I casi accertati e le previsioni di contagio sono sempre più allarmanti. In questo articolo, le precauzioni da prendere e i consigli del Ministero della Salute
Il 2014 sarà ricordato – fra le altre cose – per la più grande epidemia di Ebola mai verificatasi. Denominata anche “febbre emorragica da virus Ebola” per le perdite di sangue sottopelle, apparve in primis nel 1976 nella Repubblica democratica del Congo e in Sudan. In quanto a diffusione, oggi è seconda solo all’Aids, con una percentuale di mortalità del 50%. Il suo vaccino è in fase di test sui malati attuali; tuttavia, esso non potrà essere commercializzato prima del 2016.
Un focolaio significativo è scoppiato qualche mese fa in Liberia, Sierra Leone e Guinea, i Paesi tuttora maggiormente colpiti. Si è però presto diffuso a macchia d’olio al rimpatrio dei missionari e volontari infettati dai malati africani. Il virus è così arrivato in America (1 morto accertato) e in Europa (1 morto in Germania, 1 sopravvissuto a Madrid e 2 isolati a scopo preventivo in Italia). Dati aggiornati alla mano: più di 10 mila casi di contagio e 4.922 decessi, appena 27 – dei quali 10 morti – registrati fuori dai luoghi suddetti. L’Organizzazione mondiale della Sanità stima inoltre che a dicembre, in Africa, si registreranno dai 5 ai 10 mila nuovi episodi a settimana, con oltre 4.400 morti certe. Il presidente degli Stati Uniti Barack Obama, invitando la popolazione a non farsi prendere dal panico, ha ammesso una sottovalutazione della minaccia Ebola. Infatti alcuni malati – come l’infermiera spagnola Teresa Romero, ufficialmente guarita grazie alla risposta positiva al vaccino sperimentale – l’avrebbero contratta per una negligenza: non avrebbero cioè ricevuto sufficiente formazione sul trattamento dei pazienti, né adeguati dispositivi da indossare, come scarpe o abiti.

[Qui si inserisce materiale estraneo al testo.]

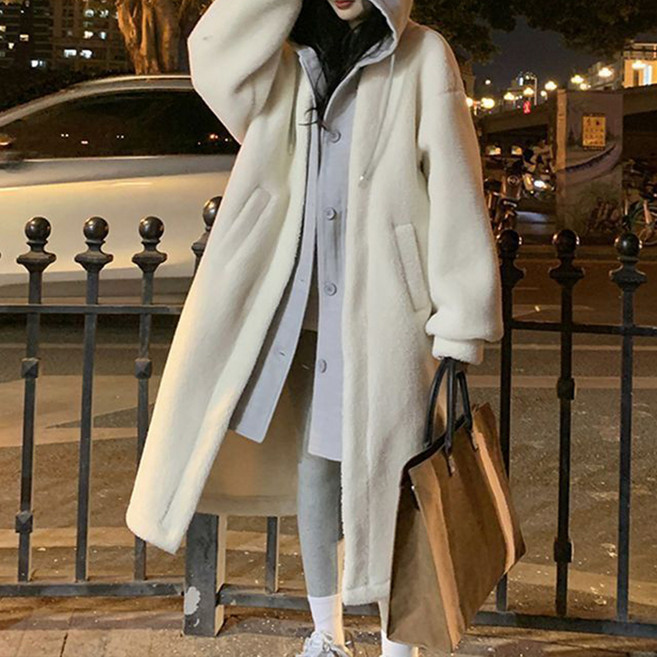 Goodif 女款羊毛感寬鬆版連帽保暖長版大衣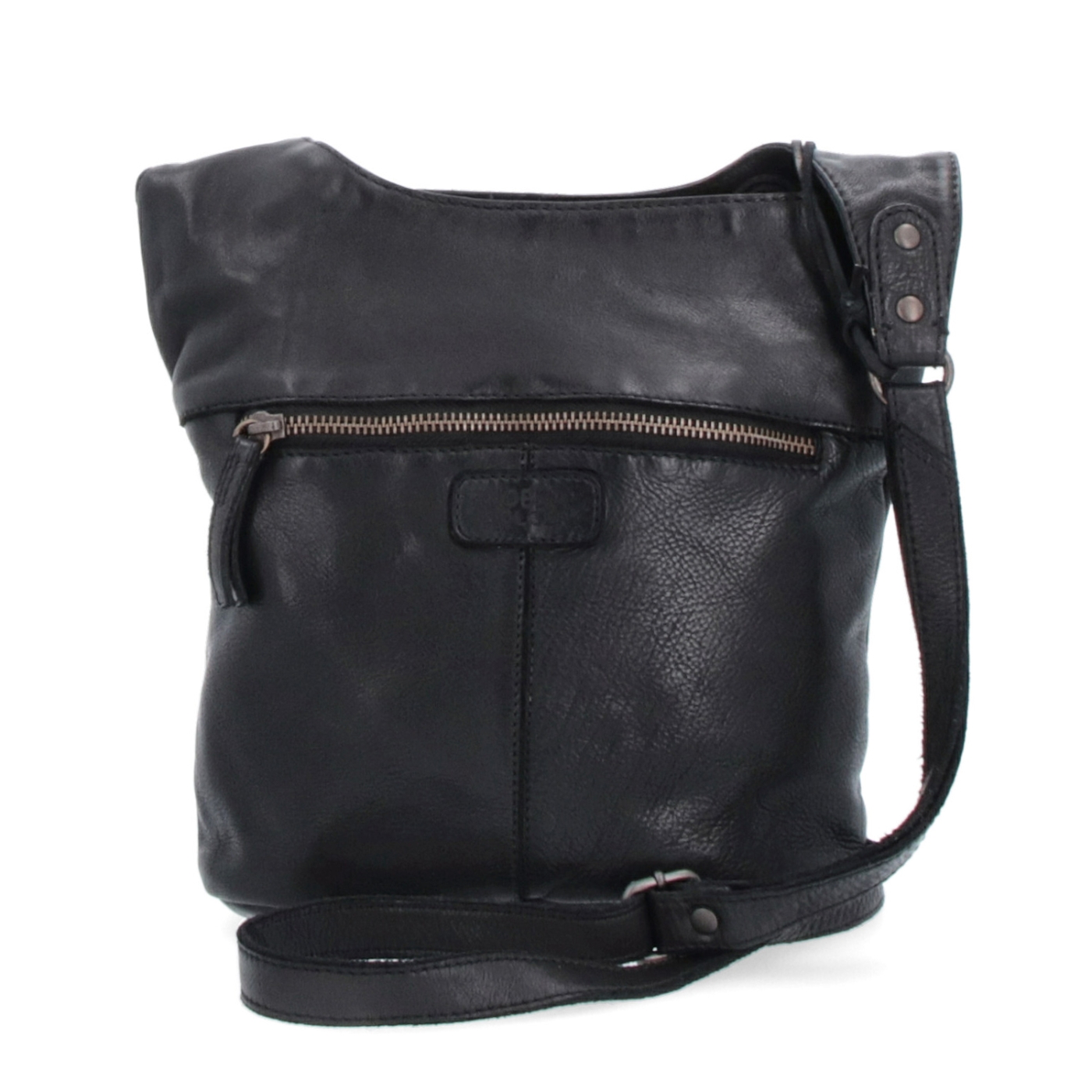 Elegantní kožená crossbody kabelka s kapsami Noelia Bolger materiál kůže zapínání na zip barva černá velikost malá NB 2101 C Z boku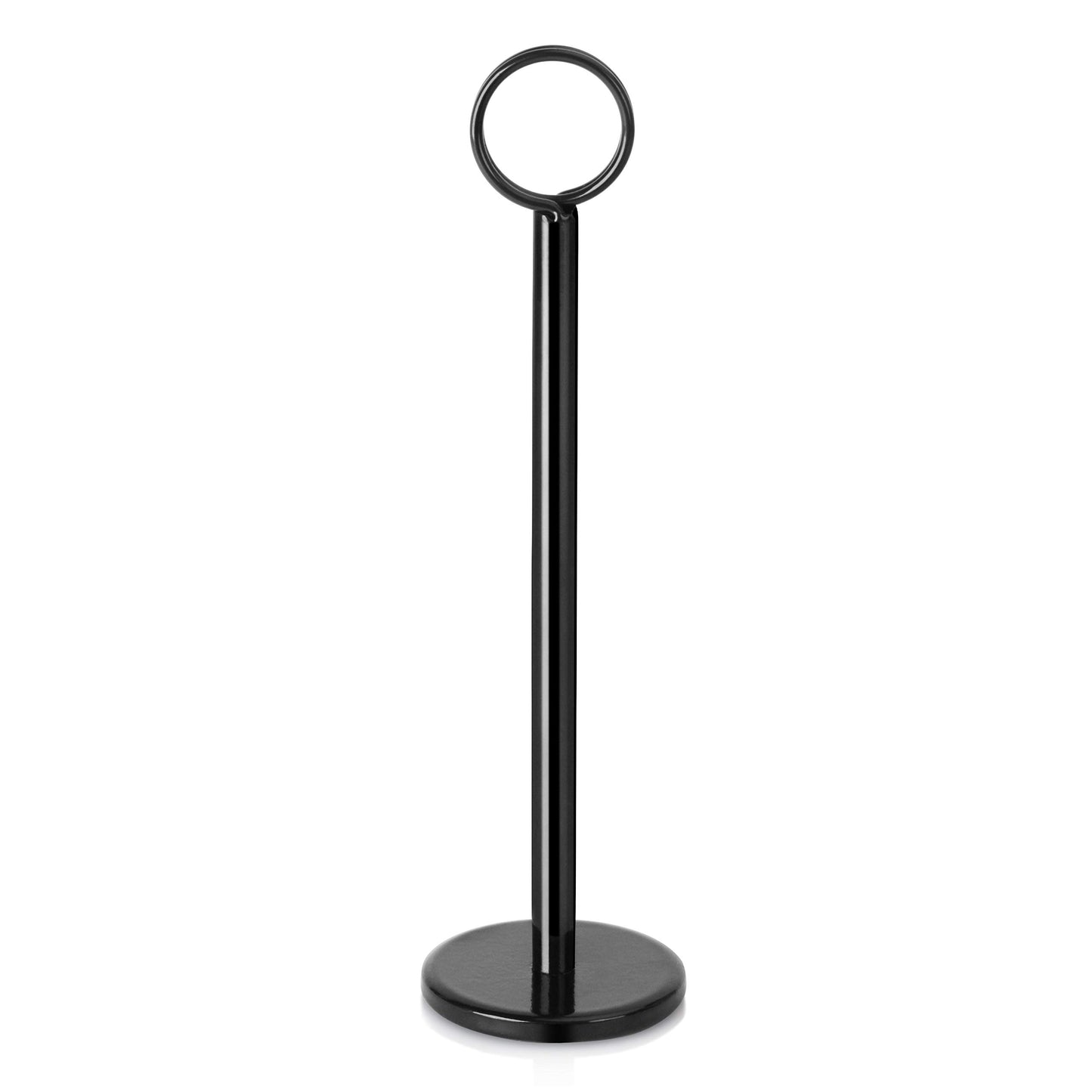 New Star Foodservice 27709 Ring-Clip Table Number Holder/Number Stand/Place Card Holder, 8-Inch, Set of 12, Black Finish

Il Ministero della Salute italiano mette in guardia sulle possibilità di trasmissione della patologia: stretto contatto con sangue, secrezioni, tessuti, organi o fluidi corporei – feci, urine, saliva, sperma – di persone contagiate, ma anche tra ferite della pelle o delle mucose di un individuo sano e oggetti infettati da liquidi di uno colpito da Ebola, come per esempio vestiti e biancheria da letto sporchi o aghi usati. Il Ministero smentisce però che la malattia si diffonda tramite le zanzare, maneggiando denaro o prodotti alimentari, o ancora nuotando in piscina. Spiega, inoltre, che il virus viene ucciso facilmente da calore, luce solare, candeggina e sapone.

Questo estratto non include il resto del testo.